Geografische Vorteile und Energiequellen des Iran
Pezeshkian betonte in diesem Treffen die strategische Geografie des Iran und seine reichen Energiequellen. Er erinnerte die BRICS-Staaten daran, dass der Iran als eine Brücke für den internationalen Handel fungieren kann und die Verwendung nationaler Währungen die Abhängigkeit vom Dollar verringern und die wirtschaftliche Sicherheit erhöhen kann.
Der Präsident des Iran wies auch auf die Möglichkeiten der Zusammenarbeit in verschiedenen Bereichen wie Energie, Transport und Technologie hin und fügte hinzu: "Wir müssen uns in Richtung nationaler Währungen bewegen, anstatt von ausländischen Währungen abhängig zu sein, um unseren Handel zu erleichtern und uns vor Währungsschwankungen zu schützen."

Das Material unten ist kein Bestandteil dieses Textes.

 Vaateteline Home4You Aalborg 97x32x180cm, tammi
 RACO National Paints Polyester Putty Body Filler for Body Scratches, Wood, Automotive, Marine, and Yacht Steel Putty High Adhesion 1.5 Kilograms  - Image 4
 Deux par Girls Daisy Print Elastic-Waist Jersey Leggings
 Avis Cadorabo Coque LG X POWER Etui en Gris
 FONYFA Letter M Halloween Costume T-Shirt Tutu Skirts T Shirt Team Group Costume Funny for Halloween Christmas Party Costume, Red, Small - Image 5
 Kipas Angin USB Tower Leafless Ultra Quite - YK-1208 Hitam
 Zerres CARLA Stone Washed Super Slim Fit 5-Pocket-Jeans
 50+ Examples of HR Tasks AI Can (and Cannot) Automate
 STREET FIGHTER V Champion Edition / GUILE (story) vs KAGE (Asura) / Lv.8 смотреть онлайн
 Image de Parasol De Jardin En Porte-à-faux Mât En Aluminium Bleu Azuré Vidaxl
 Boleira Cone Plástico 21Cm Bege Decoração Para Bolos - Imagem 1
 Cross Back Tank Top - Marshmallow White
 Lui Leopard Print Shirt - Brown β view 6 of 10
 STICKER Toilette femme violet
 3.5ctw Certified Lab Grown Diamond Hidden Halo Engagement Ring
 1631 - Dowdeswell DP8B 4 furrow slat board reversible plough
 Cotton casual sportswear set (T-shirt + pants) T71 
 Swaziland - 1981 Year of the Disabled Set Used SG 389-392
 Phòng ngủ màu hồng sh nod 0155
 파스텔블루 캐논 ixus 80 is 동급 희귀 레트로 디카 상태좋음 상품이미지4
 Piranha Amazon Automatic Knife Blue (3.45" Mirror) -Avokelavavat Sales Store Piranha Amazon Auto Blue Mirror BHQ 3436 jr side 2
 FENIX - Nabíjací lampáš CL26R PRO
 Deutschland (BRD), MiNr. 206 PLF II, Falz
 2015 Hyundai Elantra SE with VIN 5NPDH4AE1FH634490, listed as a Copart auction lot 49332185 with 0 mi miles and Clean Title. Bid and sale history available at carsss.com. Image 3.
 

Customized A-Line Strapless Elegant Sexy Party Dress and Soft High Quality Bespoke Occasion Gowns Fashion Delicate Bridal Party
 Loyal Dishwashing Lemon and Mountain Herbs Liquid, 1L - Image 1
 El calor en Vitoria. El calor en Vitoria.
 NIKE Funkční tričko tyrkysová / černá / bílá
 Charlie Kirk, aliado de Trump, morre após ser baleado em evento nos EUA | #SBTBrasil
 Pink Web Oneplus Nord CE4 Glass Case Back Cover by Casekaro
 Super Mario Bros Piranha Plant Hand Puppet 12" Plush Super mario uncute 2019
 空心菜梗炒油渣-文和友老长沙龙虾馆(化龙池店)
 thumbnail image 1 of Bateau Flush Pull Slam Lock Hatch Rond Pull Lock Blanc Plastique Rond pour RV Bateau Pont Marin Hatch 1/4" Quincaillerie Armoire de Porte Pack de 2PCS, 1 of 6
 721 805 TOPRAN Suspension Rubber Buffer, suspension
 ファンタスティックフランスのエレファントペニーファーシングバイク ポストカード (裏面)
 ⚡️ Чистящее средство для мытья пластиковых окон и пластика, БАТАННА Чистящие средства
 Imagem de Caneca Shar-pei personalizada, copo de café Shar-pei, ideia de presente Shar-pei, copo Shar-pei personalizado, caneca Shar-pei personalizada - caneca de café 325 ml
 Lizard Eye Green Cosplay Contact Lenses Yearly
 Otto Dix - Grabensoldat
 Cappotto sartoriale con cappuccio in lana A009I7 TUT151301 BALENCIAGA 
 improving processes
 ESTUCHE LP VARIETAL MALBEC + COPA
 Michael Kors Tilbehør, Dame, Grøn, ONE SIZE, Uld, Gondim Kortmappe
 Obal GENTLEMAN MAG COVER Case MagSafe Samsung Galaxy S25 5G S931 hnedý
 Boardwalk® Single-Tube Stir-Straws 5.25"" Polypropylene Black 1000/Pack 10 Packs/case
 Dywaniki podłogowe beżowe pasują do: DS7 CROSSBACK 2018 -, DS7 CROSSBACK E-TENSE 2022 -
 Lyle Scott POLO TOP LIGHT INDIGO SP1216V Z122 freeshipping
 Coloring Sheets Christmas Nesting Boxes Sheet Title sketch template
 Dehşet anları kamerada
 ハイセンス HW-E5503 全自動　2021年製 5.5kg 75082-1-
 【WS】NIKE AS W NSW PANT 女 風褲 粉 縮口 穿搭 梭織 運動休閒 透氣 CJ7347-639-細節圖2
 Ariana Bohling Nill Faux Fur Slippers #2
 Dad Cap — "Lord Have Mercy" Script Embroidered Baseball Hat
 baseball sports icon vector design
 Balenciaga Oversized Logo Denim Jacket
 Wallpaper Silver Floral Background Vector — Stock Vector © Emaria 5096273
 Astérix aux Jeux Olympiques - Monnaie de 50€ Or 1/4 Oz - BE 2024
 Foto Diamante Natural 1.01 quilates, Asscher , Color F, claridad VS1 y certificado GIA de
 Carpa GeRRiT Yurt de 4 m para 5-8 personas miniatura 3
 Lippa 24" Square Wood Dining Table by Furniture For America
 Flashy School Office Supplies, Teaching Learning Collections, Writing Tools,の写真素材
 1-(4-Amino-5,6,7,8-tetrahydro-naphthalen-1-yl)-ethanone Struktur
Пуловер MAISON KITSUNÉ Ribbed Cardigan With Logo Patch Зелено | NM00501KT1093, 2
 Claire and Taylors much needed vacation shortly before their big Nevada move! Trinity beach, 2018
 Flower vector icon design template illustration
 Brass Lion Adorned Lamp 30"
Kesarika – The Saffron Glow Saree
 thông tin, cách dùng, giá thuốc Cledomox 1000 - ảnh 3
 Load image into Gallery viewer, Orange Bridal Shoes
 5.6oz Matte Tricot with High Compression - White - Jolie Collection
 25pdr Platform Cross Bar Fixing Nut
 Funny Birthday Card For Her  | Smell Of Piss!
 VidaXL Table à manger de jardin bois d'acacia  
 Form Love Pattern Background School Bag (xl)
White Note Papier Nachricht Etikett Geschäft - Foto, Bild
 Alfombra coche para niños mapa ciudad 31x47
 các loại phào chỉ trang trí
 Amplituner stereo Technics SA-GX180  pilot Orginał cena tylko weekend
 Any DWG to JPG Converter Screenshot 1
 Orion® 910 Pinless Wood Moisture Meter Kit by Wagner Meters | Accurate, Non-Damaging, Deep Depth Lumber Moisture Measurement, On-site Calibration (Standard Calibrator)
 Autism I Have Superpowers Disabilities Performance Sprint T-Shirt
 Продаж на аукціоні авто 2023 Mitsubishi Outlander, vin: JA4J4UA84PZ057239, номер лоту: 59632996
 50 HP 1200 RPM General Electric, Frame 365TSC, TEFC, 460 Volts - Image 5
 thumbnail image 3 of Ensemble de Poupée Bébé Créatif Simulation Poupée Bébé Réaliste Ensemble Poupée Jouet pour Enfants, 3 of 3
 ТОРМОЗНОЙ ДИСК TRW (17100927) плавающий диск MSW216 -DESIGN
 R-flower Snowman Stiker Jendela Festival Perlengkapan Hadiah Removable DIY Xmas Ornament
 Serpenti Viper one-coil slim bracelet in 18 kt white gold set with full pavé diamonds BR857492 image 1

Herausforderungen und Chancen
Dieser Vorschlag wird geäußert, während die BRICS-Staaten bestrebt sind, die Abhängigkeit vom westlichen Finanzsystem zu verringern. Dennoch gibt es Herausforderungen wie die Schaffung geeigneter finanzieller Infrastrukturen und bilaterale oder multilaterale Vereinbarungen zur Verwendung nationaler Währungen.
In diesem Zusammenhang betonte Pezeshkian die Notwendigkeit einer engeren Zusammenarbeit zwischen den BRICS-Staaten und sagte: "Wir müssen die Kapazitäten des jeweils anderen nutzen und gemeinsam gegen globale Herausforderungen ankämpfen." Diese Worte könnten als Weckruf für das globale Finanzsystem angesehen werden, da sie möglicherweise zu tiefgreifenden Veränderungen in der Art und Weise führen, wie Handel und Währungswechsel stattfinden.